The piling on began early last Friday as Verizon Wireless, then Sprint Nextel Corp. and AT&T Mobility all announced they would carry Motorola Inc.’s Razr2 handset, with launches beginning at Sprint Nextel this month and continuing with Verizon Wireless and AT&T Mobility in September.
Later Friday, however, T-Mobile USA Inc., Alltel Corp. and U.S. Cellular Corp. all jumped into the scrum, with me-too announcements of their own.
By day’s end, Motorola turned out a press release that quoted Stu Reed, Motorola’s newly appointed head of mobile devices, delivering a bit of hype.

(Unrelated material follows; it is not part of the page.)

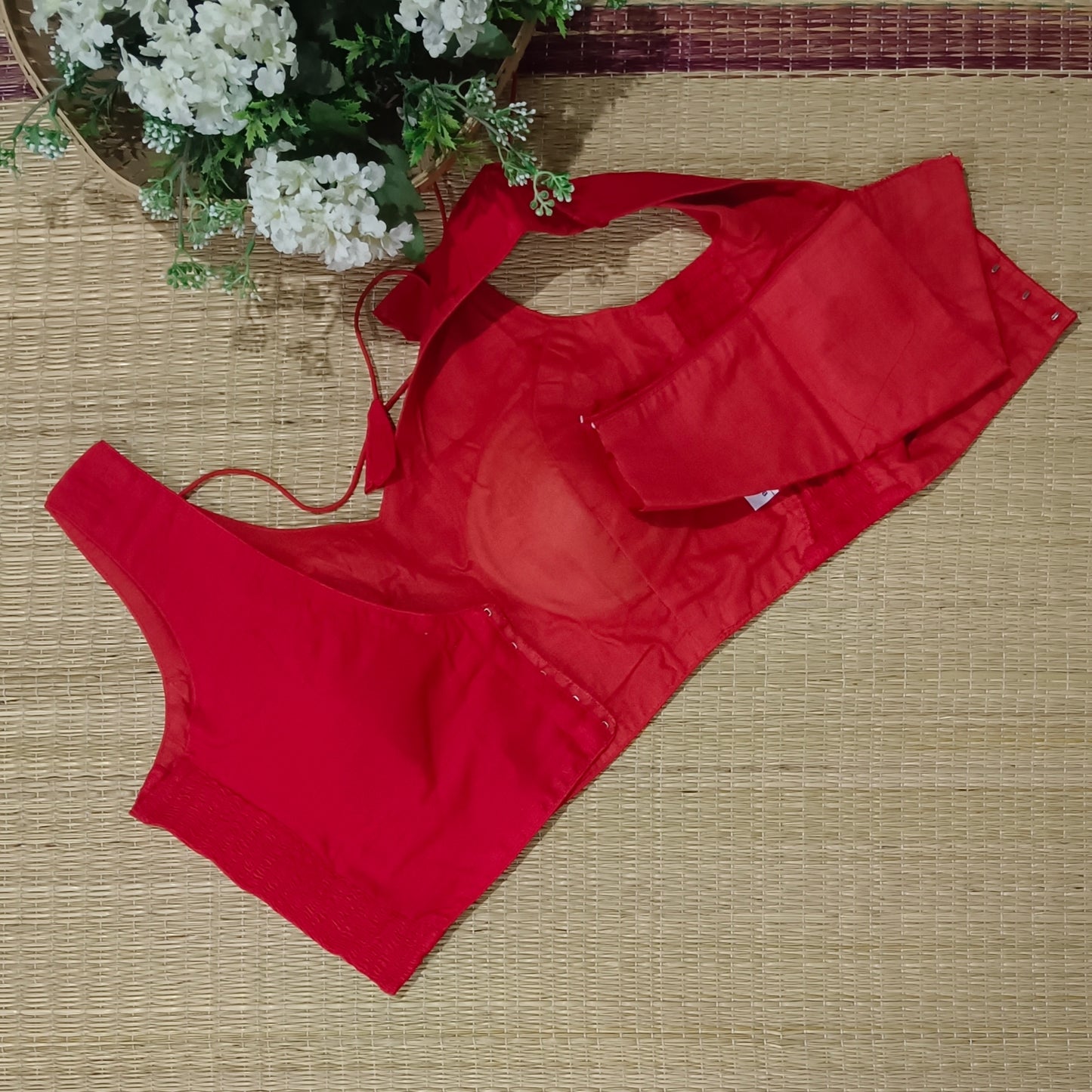 Cherry Red plain flexifit blouse (attachable sleeves)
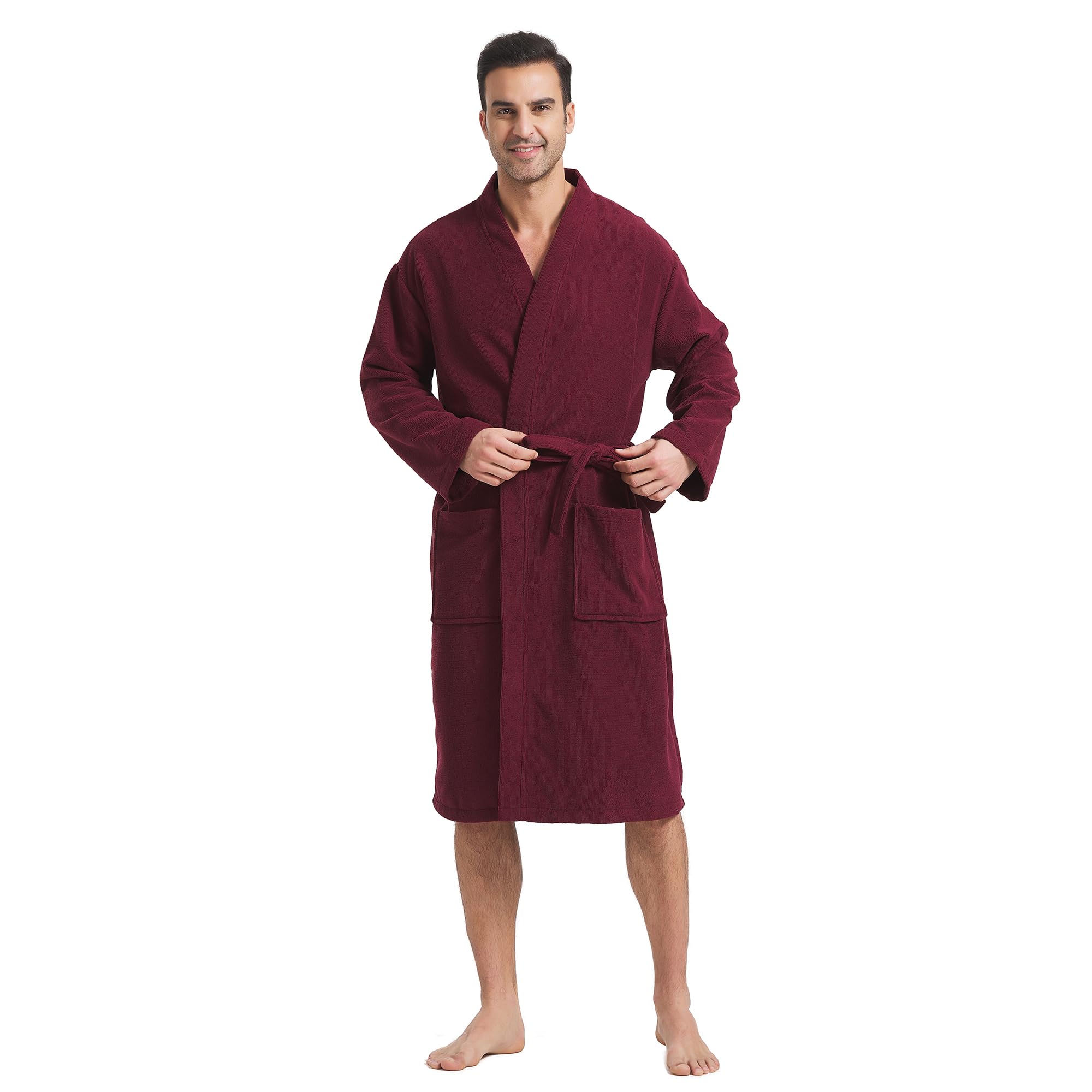 FashGudim Terry Cloth Robes for Men Big and Tall Short Mens Kimono Robe Super Absorbent Spa Bathrobe Calf Length With Pockets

“The Motorola Razr2 delivers the sharpest mobile experiences available-and customers of every national carrier in the U.S. can now own one,” Reed said. “With smart features available such as blazing-fast 3G wireless broadband, and modern style that’s slimmer and stronger than the original, the Motorola Razr2 is the ultimate iconic feature phone.”
The Razr2 will hit the U.S. in three major models. The v9 is HSDPA, the v9m is CDMA2000 1x EV-DO and the v8 is GSM/GPRS/EDGE. Pricing ranges from $250 to $300.
The beleaguered company may be forgiven for a bit of hyperbole in describing the Razr2, as it is betting heavily that the “sleeker outside, more powerful inside” device will revive its fortunes in the United States market in which it dominates. Motorola’s U.S. market share slid to 33% from 37% between the first and second quarters of this year. A European launch of the Razr2 is also anticipated, which could help restore Motorola’s sliding fortunes overseas as well.
Last week, analyst Tero Kuittinen of Avian Securities L.L.C. said that even modest sales of the devices across so many distribution channels could well provide Motorola with a bounce back from the depths of its second-quarter malaise and revive the handset vendor’s fortunes.
In contrast, analyst Avi Greengart at Current Analysis said that despite the widespread distribution-and partly because of it-Motorola would have to spend heavily on an effective marketing campaign to focus consumers on the next-generation Razr device, as the original Razr continues to sell well at price points as low as free to $50. (More expensive, feature-packed Razrs sell in the $100 to $200 range, with subsidies.)